Artwork
London Types: Sandwich Man

London Types: Sandwich Man is a print by the Impressionist artist William Nicholson. It dates from 1898 and is held in the collection of the Cleveland Museum of Art.
About this work
The sign on his board is about a big painting, which is an interesting detail because it shows what people were interested in back then.
You see a man holding a big sign on the street.
He's wearing a sandwich board, which is a board with signs on both sides.
The sign on his board is about a big painting, which is an interesting detail because it shows what people were interested in back then.
The man in the painting is just one of many people depicted in the series, which is notable because it shows everyday life in London.

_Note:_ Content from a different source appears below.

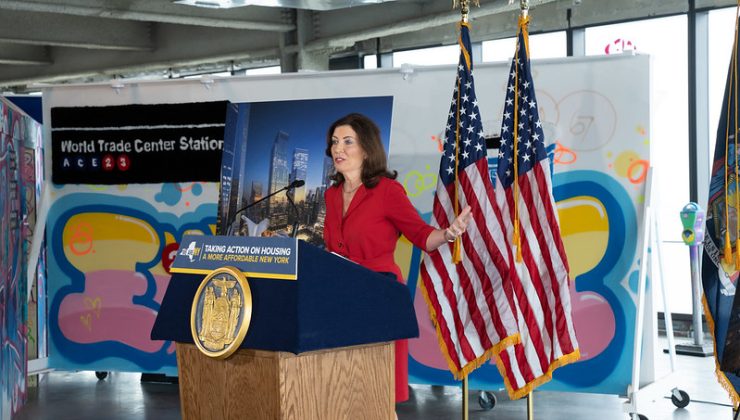 Hochul’dan New Yorklulara uygun fiyatlı sağlık sigortası için 10 milyar dolar bütçe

The series also includes many women, which was a deliberate choice to represent both men and women equally.
This choice was made because the publisher, William Heinemann, supported equality.
You can learn more about this style by looking at the work of the artist: William Nicholson (British, 1872–1949).
Overview
London Types is a series of prints by William Nicholson, created in the 1890s, capturing the everyday life of London’s streets. Published by William Heinemann, the series presents a candid portrait of urban society through individual figures, each representing a distinct social type. The prints reflect a deliberate effort to portray both men and women with equal attention, offering a balanced view of the city’s working population.
Subject & Meaning
The Sandwich Man depicts a street vendor carrying advertising signage, his posture and attire signaling the labor of the urban working class. The sign he bears promotes Mihály Munkácsy’s large-scale painting Ecce Homo, then on display nearby, linking the print to contemporary cultural interests. This detail grounds the image in its moment, revealing how public art and commerce intersected in late-Victorian London.
Technique & Style
Nicholson employed bold, flat areas of color and simplified forms, drawing from Japanese woodblock prints and the emerging Arts and Crafts aesthetic. Lines are clean and deliberate, with minimal shading, emphasizing the silhouette and posture of each figure. The restrained palette and graphic quality lend the prints a modern, almost poster-like clarity, distinguishing them from more ornate contemporary illustrations.
History & Provenance
Commissioned by publisher William Heinemann, the series was produced between 1897 and 1898 as part of a broader cultural project to document London’s social fabric. Heinemann, an advocate for gender equality, insisted on balanced representation of sexes, a rare editorial directive at the time. The prints were originally issued as a portfolio and later circulated in exhibitions and private collections.
Context
The 1890s saw London’s streets as dynamic spaces of commerce, spectacle, and class interaction. Street vendors, advertisers, and laborers were common sights, and Nicholson’s series captures this without romanticization. The inclusion of a Hungarian artist’s painting on the sign reflects London’s role as a cosmopolitan center, where international art entered public consciousness through commercial channels.
Legacy
London Types remains a significant record of late-Victorian urban life, notable for its quiet dignity and social observation. Nicholson’s approach influenced later documentary illustration and social realism in British art. The series is now held in major collections, valued not for its novelty but for its unembellished depiction of ordinary people in their environment.
Artist & collection
Artist
Sir William Newzam Prior Nicholson (5 February 1872 – 16 May 1949) was a British painter of still-life, landscape and portraits.